Disappointing. This is indeed a collection of essays on the significance of Pokémon as a phenomenon, as promised, but they're written by a bunch of childhood education undergrads—in spirit if not necessarily in actual fact—few of whom have apparently ever even held an actual Game Boy. Some are less bad than others, and some of the authors have obviously put significant effort into their contributions—though not usually to the extent that they bothered to double-check the spelling of the names of the Pokemans, as Kengaskhan, Missingo, and Blastoid will attest—but all are written by obvious outsiders so disconnected from any aspect of Pokémon it's hard to understand why they felt they were qualified to write about it.

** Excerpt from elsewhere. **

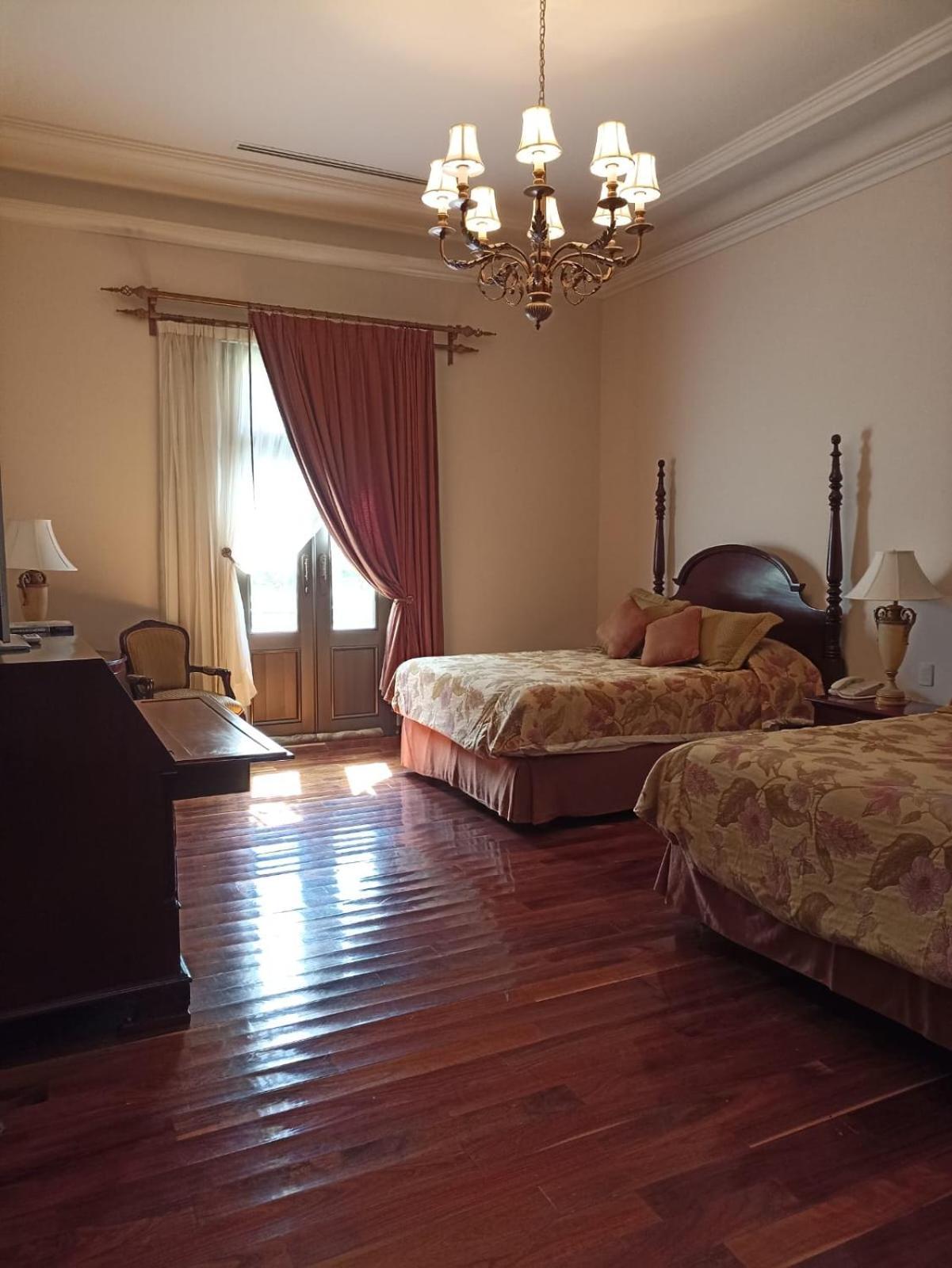Hotel Real Hacienda Santo Tomas Colonia Gustavo Baz Prada Екстериор снимка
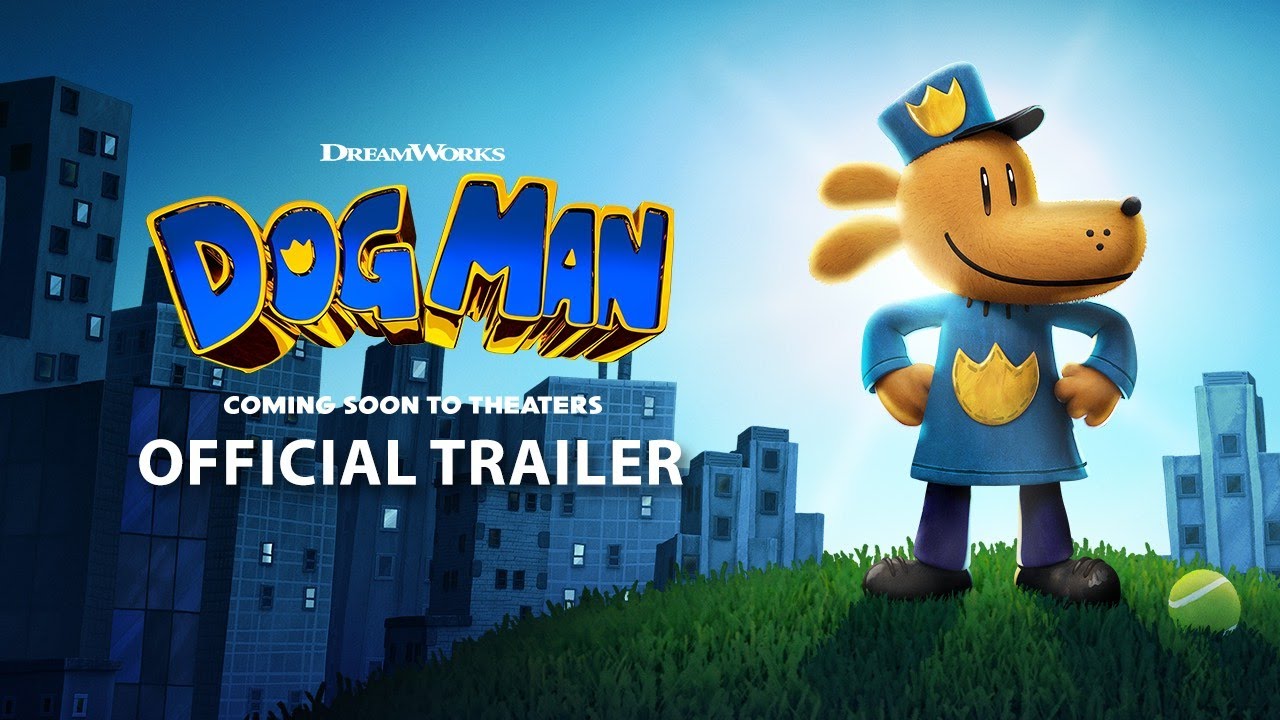 Dog Man Trailer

(Well, I suppose that's not true. At least three of them have small children who play Pokémon, and some of the others are apparently child psychologists. For whatever reason, both of those groups often combine an ostensible interest in what kids are doing with the sort of deep condescension towards them that makes real understanding impossible.)
I guess what I was really expecting was an examination of the history of Pokémon and its economic aspects. What I got instead was the sort of half-informed busy-body bullshit that characterised educators' and psychologists' interest in me in my teen-age years, which is a pity.
Given that it's that sort of book, though, I'm also disappointed that every single contributor only sees Pokémon as the pursuit of very young children. I'm not going to go full brony and pretend college-age neckbeards are the real target audience of Pokémon while pre-teens are just irrelevant interlopers at best, but it would have been good at least to look at the actual demographics of Pokémon's audience. The book was written in 2004, in the middle of the GBA generation (though if anyone realised any main-series Pokémon game existed on a platform other than the original Game Boy, they didn't exactly let on), so I suspect the divide is wider now, when all of the kids who originally played the first games in elementary school are in college or already out of it, than it was then; it would have been an interesting thing to look into.
If you're the sort of childhood professional who (more or less) subconsciously holds children in contempt and doesn't really believe they have anything meaningful to contribute to your chosen field, I suppose you may find value in this book. I'm over it.